Learning

Pace layers remind us that societies change at different speeds: fashion and technology race ahead while culture and nature move slowly underneath. While fast gets all our attention, slow has all the power. Image via Long Now Foundation
Social change unfolds over generations, not election cycles.
Margaret Wheatley tells a story about colleagues who once met with the Dalai Lama while feeling deeply discouraged that their work for change seemed to have little impact. They asked whether their efforts would ever make a difference, given how dire things looked. With a smile, he replied: “Oh, don’t worry about that. Your work will bear influence in about 700 years.”
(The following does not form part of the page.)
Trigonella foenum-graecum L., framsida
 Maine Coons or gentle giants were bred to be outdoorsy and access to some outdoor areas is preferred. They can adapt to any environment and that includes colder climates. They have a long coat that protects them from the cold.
Given the complexity of our challenges—and the depth of our grief and fatigue—this can sound like either a cosmic joke or a cruel delay of justice. Most days we are wishing for seven days without another rupture. The long arc may bend toward justice, but from here it often looks broken.
To hear “700 years” as an invitation rather than a sentence, we must remember that we are not the main characters in this story. We are chapters, not the book. Our work is not to finish the world but to tend it during our watch, adding our few faithful pages to a narrative that began long before us and will continue long after we are gone. The long game is not a strategy for winning; it is a way of belonging.
The long game shifts the question from “Will this work?” to “Who am I becoming as I do this work, and what am I making possible for those who come after?” We cannot guarantee outcomes, but we can decide what kind of ancestors we are willing to be. Your work, my work, may not “succeed” in any way we recognize. And still, the ways we show up now—the courage we lend, the solidarity we practice, the imagination we refuse to surrender—will leave a trace. Something in the fabric of the world will be stronger because we chose to keep playing the long game.
Love & Work is one small way of practicing this fidelity in public: a weekly act of paying attention, gathering signals of human courage and creativity, and refusing to let our longing for a more livable world fall silent. None of these offerings will fix what is breaking, but together they help keep a fragile thread of connection, clarity, and joy intact—so that those who come after us inherit not only our crises but also our stubborn, ordinary evidence that another way of being human remained imaginable.